目を丸くした匡輔がひどく狼狽えている。
それだけじゃない。
着ていたはずの衣服も、下着さえも身に着けていない。
おまけにどこか違和感のある女のそこの付近には、シーツに赤く染みを作っていた。
何も事態を飲み込めていない。けれど、予想しうる答えは、一つ。
「……な、何もない、ですよね……?」
知識だけは豊富な二十八歳。
初体験では血が出ることは織り込み済みだ。
痙攣したかのような、わずかな震えは何が理由がわからない。
理解が追い付かずに、事実をはぐらかす一言を突きつけた。
「……んなわけねえだろ。見てわかんねえのか。血、出てるだろ」
大体なあ、と続いた言葉は、右から左に抜けてしまっていた。
万全な後処理はシーツに血の染みを残さないらしい。
ティッシュか何かで拭えば問題ないとつらつら重ねる言葉は勉強になるものの、鼓動がバクバク高鳴っている。

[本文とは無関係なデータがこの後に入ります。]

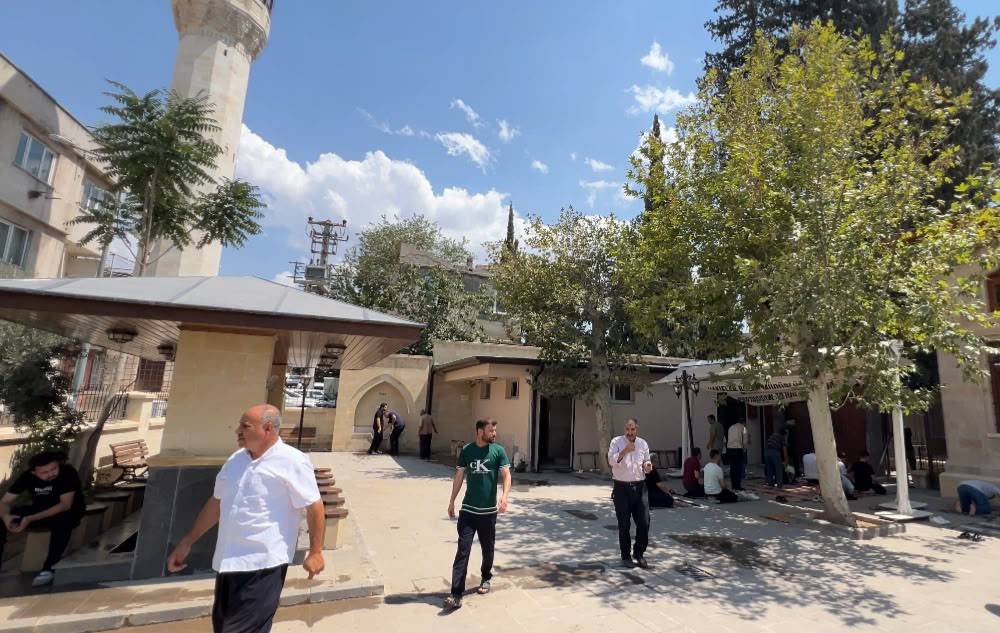 Kahramanmaraş'ta cami avlusundaki şifalı suya yoğun ilgi: Tek bir kuralı var!
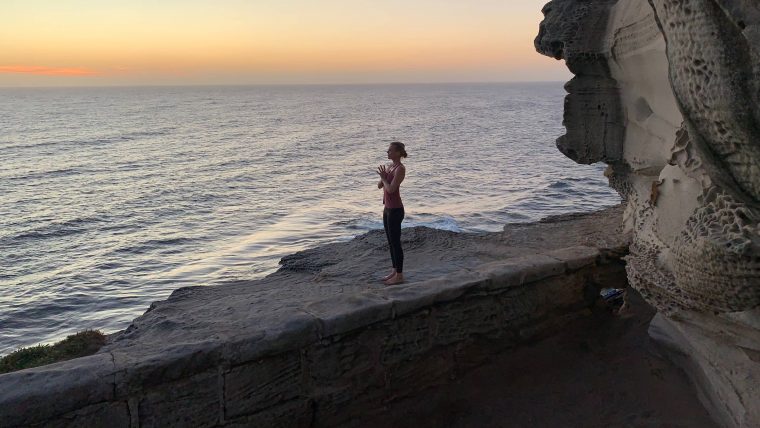 Bärbel von YOGAMOUR praktiziert Yoga am Strand von Sydney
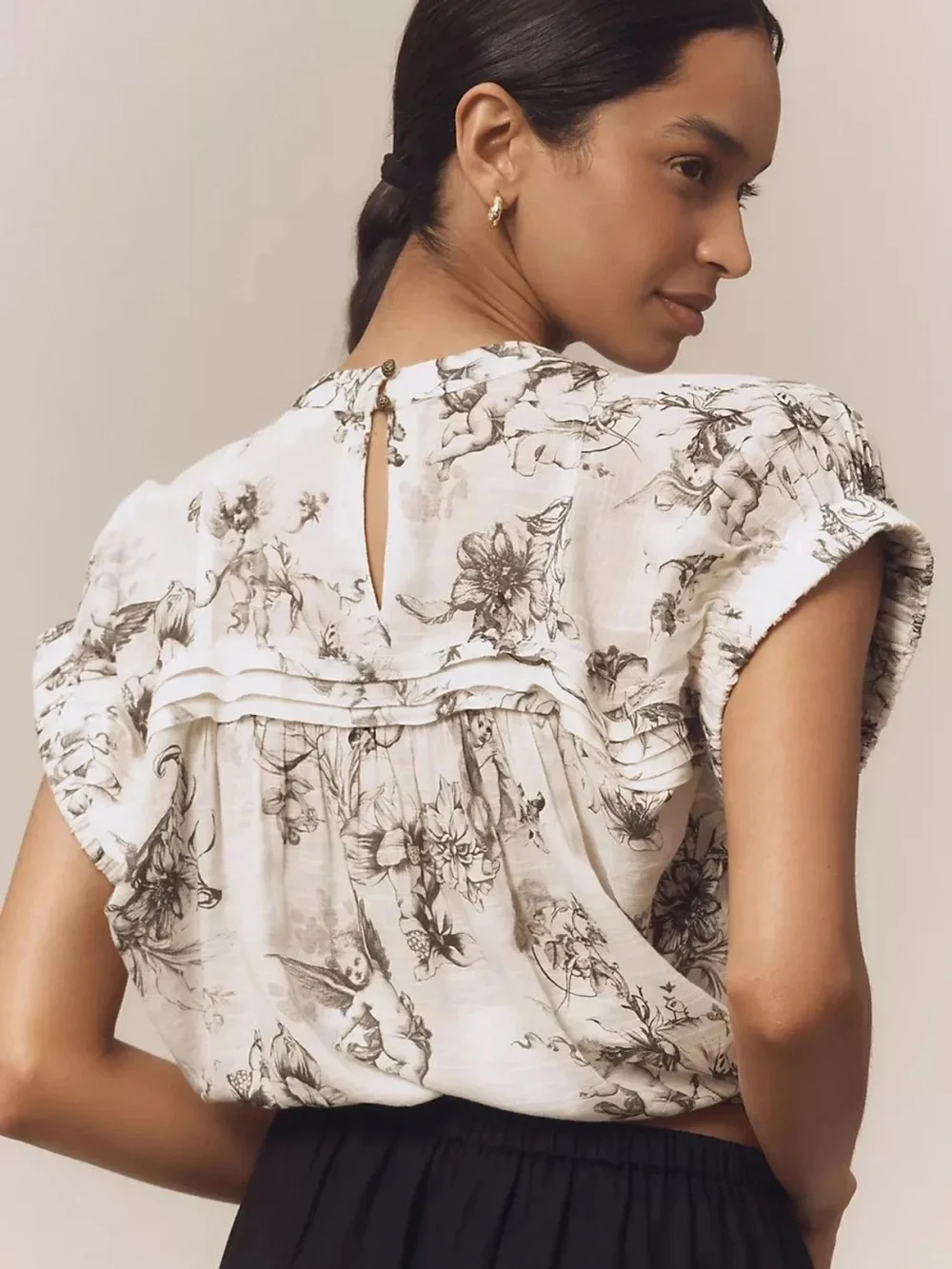 Anthropologie pilcro puff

女性の月のものとは比較にならないほどの少量の赤い滲みは、もう何年も出していない鼻血くらいの量だな、なんて考える柚衣子は、へにょりと困ったような笑みを浮かべている。
ベッドのまわりをきょろきょろと見渡すと、身に着けていた衣服が散らばっている。
慌ててそれらを手繰り寄せて身に纏えば、いなくなった自分の座っていた箇所には、皺と、赤い染み。